Two Arrested During No Borders March

Taken from UK Indymedia:

No Border campaigners march to Gatwick despite heavy policing

22 September, 2007

For the first time in its 11-year history, Tinsley House immigration detention centre at Gatwick Airport today saw a lively, though short rally in the afternoon. As part of the Gatwick No Border Camp, about 500 people from across the UK marched from Crawley, West Sussex, to Gatwick in a 'transnational day of action against immigration prisons'. They were protesting in particular against a new detention centre that is being built at Gatwick Airport, which is due to open in 2008.

Armed with many banners, placards and leaflets conveying the message that immigration detention is inhumane, they demanded the closure of all immigration prisons and the abolition of the borders that cause all this suffering.

Penned in tiny, designated area along the airport's fence, protesters listened to a number of speeches from ex-detainees and messages of support and defiance.
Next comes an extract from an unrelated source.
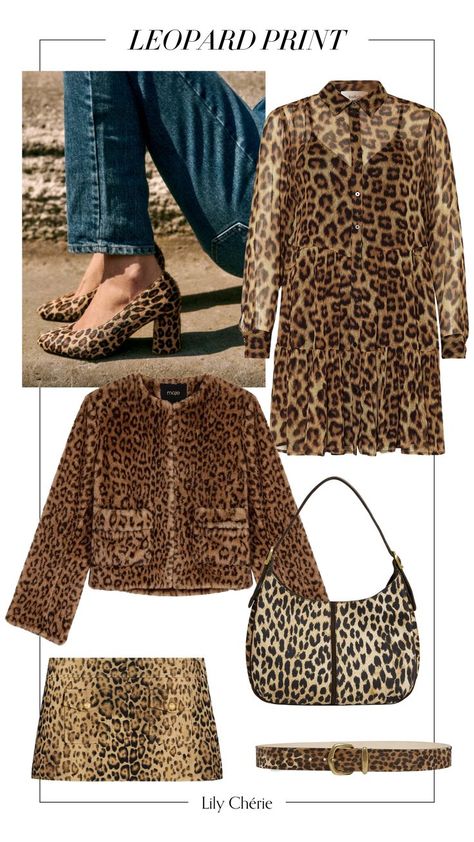 how to wear leopard print Parisian Style Summer, Leopard Cocktail Dress, Cheetah Print Outfits, Chic Style Inspiration, Parisian Outfits, Animal Print Party, Parisian Chic Style, French Street Fashion, Chic Outfit Ideas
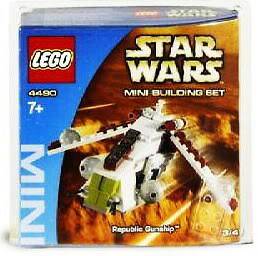 LEGO 4490 Star Wars Mini REPUBLIC GUNSHIP Sealed MIB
Phone calls from detainees inside Tinsley were then passed on to the crowed via a megaphone. One of the detainees, who has been in the UK for 12 years and had refugee status but is due to be deported after committing a criminal offence and serving his sentence, said: "Why should I be punished twice? I've made a mistake and I've paid for it. Why do I have to pay twice?"

Another detainee, who has been in detention for about 3.5 months and is facing deportation to Angola soon, talked about his suffering in detention and missing his family. He has been in the country for 11 years and has a British wife and three children.

During the rally, the gates were closed to detainees' visitors. Conscious of this, demonstrators sought to make the rally as short as possible in order not to prolong any further disruption to visiting. After the rally, two protesters visited one of those who had communicated with protesters and they were told that detainees were very happy and found the solidarity from people outside bars empowering.

Protest organisers said the policing of the march was "unnecessarily heavy." Two people were arrested under Section 50 of the Police Reform Act 2002 (refusing to give name and address) after being accused by police of acting in an anti-social manner. One of them, who was arrested in Crawley town centre before the march had even started, allegedly threw a rude word at a police officer. The other, who is an independent video-maker, was filming the police and allegedly 'caused distress' to a policeman who himself was filming protesters.

That last line really sums up the nature of the police force in this country. A policeman was 'distressed' because someone was filming him while he was filming the protesters?? Orwellian barely seems to cover it.